Bildung wird vererbt: Dieser Satz hat in der österreichischen Bildungspolitik einen Fixplatz.

Die Bildungsministerin will zum Beispiel ihre Geldzuwendungen an Schulen in Zukunft an einen Sozialindex binden. Schulen, die einen höheren Anteil an Kindern aus ärmeren, sogenannten bildungsfernen Schichten betreuen, sollen mehr Geld bekommen.

Auf den ersten Blick wirkt das plausibel. Man soll allerdings kritisch nachfragen, woher die zusätzlichen Mittel kommen werden. Gibt es mehr Geld vom Finanzminister oder wird es anderen Schulen weggenommen, die dann gezwungen wären, Sparprogramme zu fahren? Das halte ich nämlich für eine weniger gute Idee.

Eine weitere Strategie des sozialen Ausgleichs besteht darin, bei der Messung der Bildungsstandards einen sogenannten fairen Vergleich zu machen: Schulen und Klassen mit mehr Akademikerkindern werden nach härteren Kriterien gereiht als solche mit wenigen. Auf den ersten Blick wirkt auch diese Art von sozialem Ausgleich irgendwie gerecht.

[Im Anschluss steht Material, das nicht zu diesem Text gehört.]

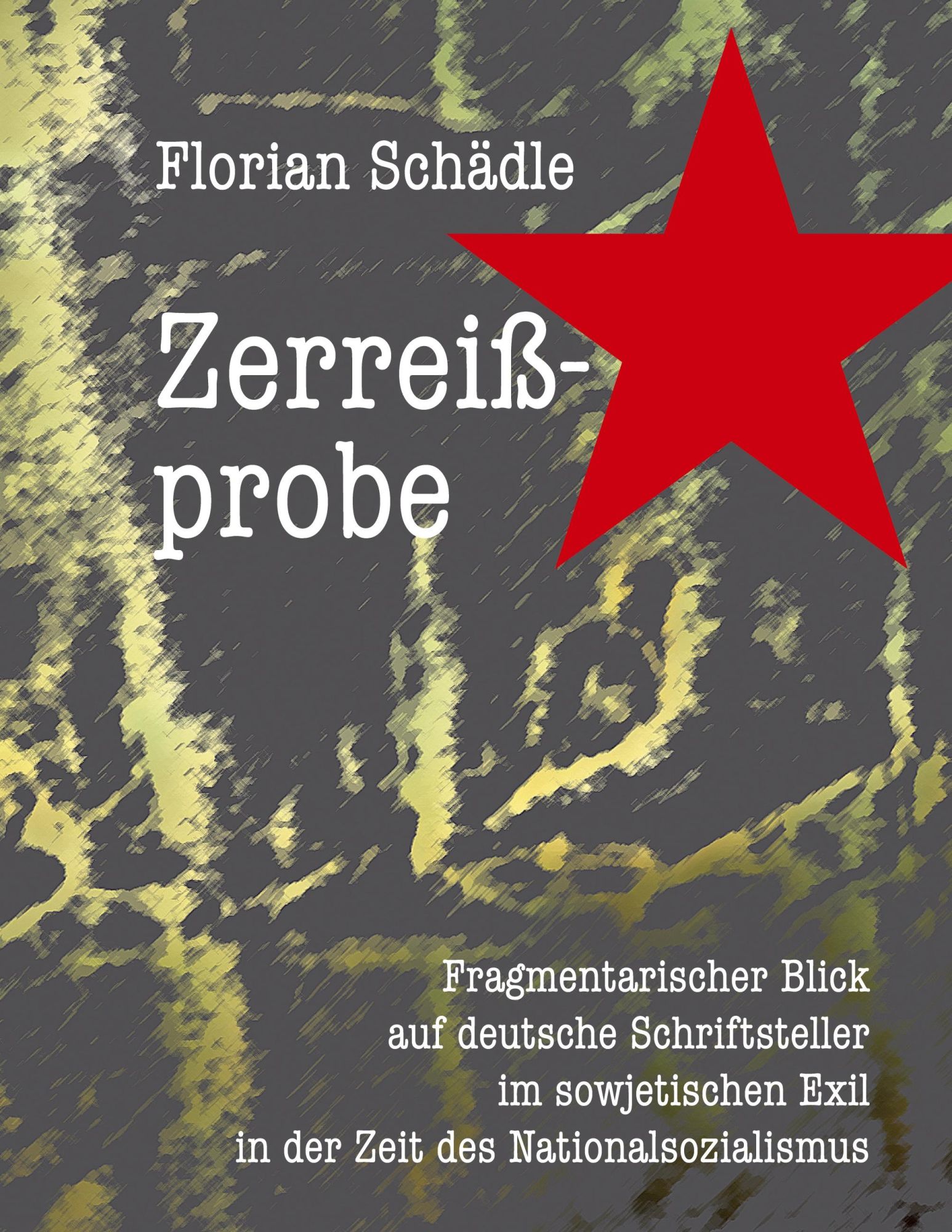 Cover: 9783759770288 | Zerreißprobe | Florian Schädle | Taschenbuch | Paperback | 364 S.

Versetze ich mich allerdings in meine eigene Schulzeit am Rieder Gymnasium zurück, dann stellt sich Unbehagen ein.

Meine Eltern waren einfache Leute. Aber ich hätte es als Beleidigung empfunden, wenn meine Leistungen nach milderen Kriterien beurteilt worden wären als die meiner Schulfreunde aus höheren sozialen Milieus. Bei mir wäre das so angekommen: Die Tochter vom Arzt, der Sohn vom Notar, die bringen einfach mehr als du armes Würschtl aus der bildungsfernen Schicht. Von dir und deinesgleichen erwarten wir von vornherein nicht so viel.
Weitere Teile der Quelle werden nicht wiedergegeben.